=== TASK REQUIREMENTS ===
Of the lines listed below, return exactly those that run from the line containing "Alpine White 2026 BMW X5 sDrive40i" through the line containing "House for rent", both included.

Records from a dataset

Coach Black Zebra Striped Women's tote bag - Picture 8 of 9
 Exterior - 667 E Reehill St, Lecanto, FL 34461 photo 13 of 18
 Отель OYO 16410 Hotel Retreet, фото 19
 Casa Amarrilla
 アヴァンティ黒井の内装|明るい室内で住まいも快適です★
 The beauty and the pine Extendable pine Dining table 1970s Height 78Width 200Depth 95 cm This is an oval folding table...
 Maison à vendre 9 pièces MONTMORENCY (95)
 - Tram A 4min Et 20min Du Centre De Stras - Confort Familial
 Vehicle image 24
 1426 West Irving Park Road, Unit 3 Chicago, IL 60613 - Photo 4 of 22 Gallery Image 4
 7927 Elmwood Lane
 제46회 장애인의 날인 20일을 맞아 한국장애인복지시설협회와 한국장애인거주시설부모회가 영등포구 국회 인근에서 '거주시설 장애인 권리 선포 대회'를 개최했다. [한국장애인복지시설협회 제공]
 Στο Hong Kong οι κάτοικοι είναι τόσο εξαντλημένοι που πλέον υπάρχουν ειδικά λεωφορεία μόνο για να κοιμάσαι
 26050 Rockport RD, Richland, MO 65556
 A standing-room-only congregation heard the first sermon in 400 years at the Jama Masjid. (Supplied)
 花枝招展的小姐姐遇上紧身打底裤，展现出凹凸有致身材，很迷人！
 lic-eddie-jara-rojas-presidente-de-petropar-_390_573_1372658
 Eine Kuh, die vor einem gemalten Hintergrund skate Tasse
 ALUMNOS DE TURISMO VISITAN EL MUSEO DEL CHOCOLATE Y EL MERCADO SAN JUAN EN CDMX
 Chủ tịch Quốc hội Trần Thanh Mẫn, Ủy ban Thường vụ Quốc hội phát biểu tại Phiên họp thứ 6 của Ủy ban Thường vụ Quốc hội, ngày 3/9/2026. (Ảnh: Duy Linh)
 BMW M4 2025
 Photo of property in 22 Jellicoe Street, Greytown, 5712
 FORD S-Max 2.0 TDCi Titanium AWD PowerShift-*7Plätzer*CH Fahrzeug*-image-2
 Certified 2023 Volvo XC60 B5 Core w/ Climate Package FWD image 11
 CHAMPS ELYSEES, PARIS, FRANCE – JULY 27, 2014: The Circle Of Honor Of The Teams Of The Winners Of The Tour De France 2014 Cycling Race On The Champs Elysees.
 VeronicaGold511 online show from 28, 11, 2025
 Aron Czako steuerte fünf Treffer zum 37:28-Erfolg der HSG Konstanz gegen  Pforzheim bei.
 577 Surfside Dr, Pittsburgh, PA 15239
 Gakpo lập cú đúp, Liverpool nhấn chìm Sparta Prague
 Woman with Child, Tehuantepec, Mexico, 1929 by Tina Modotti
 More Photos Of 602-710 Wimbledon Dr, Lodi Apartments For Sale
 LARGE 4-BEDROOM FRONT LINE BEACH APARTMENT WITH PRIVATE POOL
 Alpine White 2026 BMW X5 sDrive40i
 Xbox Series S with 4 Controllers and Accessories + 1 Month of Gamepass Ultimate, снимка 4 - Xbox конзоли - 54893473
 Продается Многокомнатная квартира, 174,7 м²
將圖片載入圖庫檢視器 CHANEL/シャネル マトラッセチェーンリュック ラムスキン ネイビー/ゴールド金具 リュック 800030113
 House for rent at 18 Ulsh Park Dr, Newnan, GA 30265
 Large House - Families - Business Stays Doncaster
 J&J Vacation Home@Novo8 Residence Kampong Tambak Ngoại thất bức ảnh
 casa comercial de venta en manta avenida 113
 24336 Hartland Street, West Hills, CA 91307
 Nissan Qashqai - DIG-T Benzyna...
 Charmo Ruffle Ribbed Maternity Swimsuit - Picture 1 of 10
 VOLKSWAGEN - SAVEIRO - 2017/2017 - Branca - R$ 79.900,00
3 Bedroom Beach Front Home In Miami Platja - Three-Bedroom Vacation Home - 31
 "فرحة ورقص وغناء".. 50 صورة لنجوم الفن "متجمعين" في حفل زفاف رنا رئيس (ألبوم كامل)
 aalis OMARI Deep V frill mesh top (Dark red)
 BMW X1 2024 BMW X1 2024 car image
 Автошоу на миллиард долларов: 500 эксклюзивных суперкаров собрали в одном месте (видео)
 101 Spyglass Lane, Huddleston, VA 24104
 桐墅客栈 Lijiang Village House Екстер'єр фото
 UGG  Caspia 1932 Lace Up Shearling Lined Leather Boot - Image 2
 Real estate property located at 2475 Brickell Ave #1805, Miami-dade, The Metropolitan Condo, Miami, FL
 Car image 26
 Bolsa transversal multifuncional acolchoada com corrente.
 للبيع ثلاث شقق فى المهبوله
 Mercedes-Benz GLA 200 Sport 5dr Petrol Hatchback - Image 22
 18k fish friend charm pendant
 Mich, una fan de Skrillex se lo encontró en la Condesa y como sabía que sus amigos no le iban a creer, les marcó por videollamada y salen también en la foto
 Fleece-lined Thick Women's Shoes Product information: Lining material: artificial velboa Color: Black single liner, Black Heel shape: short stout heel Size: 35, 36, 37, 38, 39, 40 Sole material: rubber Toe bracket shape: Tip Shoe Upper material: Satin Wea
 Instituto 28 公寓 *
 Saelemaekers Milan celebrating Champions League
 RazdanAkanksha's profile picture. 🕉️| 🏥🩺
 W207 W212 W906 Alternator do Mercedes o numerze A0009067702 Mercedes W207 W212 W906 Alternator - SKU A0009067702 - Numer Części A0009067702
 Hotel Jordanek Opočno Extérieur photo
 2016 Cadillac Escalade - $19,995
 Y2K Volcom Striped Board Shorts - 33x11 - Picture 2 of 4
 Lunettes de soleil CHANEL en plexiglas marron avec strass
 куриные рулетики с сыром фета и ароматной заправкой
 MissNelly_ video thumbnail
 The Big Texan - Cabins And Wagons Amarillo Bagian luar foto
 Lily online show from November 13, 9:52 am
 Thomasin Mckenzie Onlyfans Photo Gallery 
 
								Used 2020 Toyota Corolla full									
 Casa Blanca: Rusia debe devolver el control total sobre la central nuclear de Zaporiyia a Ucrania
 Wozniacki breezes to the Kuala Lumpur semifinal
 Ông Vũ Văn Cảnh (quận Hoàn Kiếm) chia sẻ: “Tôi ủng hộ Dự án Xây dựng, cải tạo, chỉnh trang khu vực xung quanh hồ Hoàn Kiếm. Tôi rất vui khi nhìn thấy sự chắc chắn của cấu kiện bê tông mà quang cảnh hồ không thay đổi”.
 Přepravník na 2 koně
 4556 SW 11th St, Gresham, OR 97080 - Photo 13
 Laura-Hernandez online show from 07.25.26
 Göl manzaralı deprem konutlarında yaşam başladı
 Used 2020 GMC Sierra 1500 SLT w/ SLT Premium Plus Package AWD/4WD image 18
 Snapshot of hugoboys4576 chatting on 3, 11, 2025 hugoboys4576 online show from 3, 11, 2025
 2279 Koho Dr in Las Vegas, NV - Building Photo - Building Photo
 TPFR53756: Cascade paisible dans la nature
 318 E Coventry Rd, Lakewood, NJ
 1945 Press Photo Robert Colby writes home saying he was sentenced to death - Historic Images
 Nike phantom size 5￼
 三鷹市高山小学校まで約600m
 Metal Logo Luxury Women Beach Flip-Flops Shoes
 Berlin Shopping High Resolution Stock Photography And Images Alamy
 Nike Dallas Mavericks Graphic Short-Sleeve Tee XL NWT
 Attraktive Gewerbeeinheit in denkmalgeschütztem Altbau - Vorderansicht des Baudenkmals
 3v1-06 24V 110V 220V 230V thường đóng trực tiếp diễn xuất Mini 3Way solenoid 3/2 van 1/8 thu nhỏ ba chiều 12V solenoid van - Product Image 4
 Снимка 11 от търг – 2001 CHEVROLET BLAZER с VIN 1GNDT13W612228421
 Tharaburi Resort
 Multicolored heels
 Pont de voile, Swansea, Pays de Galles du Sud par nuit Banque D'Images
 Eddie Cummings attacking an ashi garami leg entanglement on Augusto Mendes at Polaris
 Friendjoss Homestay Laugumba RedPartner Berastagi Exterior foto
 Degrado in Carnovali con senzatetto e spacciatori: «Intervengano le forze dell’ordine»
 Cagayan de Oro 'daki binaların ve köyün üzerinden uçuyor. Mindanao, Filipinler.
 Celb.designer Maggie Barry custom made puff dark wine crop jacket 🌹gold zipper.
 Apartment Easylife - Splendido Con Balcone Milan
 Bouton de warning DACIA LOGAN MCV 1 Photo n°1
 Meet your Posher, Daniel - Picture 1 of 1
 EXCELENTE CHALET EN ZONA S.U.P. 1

=== REPLY TO THE TASK ===
 Alpine White 2026 BMW X5 sDrive40i
 Xbox Series S with 4 Controllers and Accessories + 1 Month of Gamepass Ultimate, снимка 4 - Xbox конзоли - 54893473
 Продается Многокомнатная квартира, 174,7 м²
將圖片載入圖庫檢視器 CHANEL/シャネル マトラッセチェーンリュック ラムスキン ネイビー/ゴールド金具 リュック 800030113
 House for rent at 18 Ulsh Park Dr, Newnan, GA 30265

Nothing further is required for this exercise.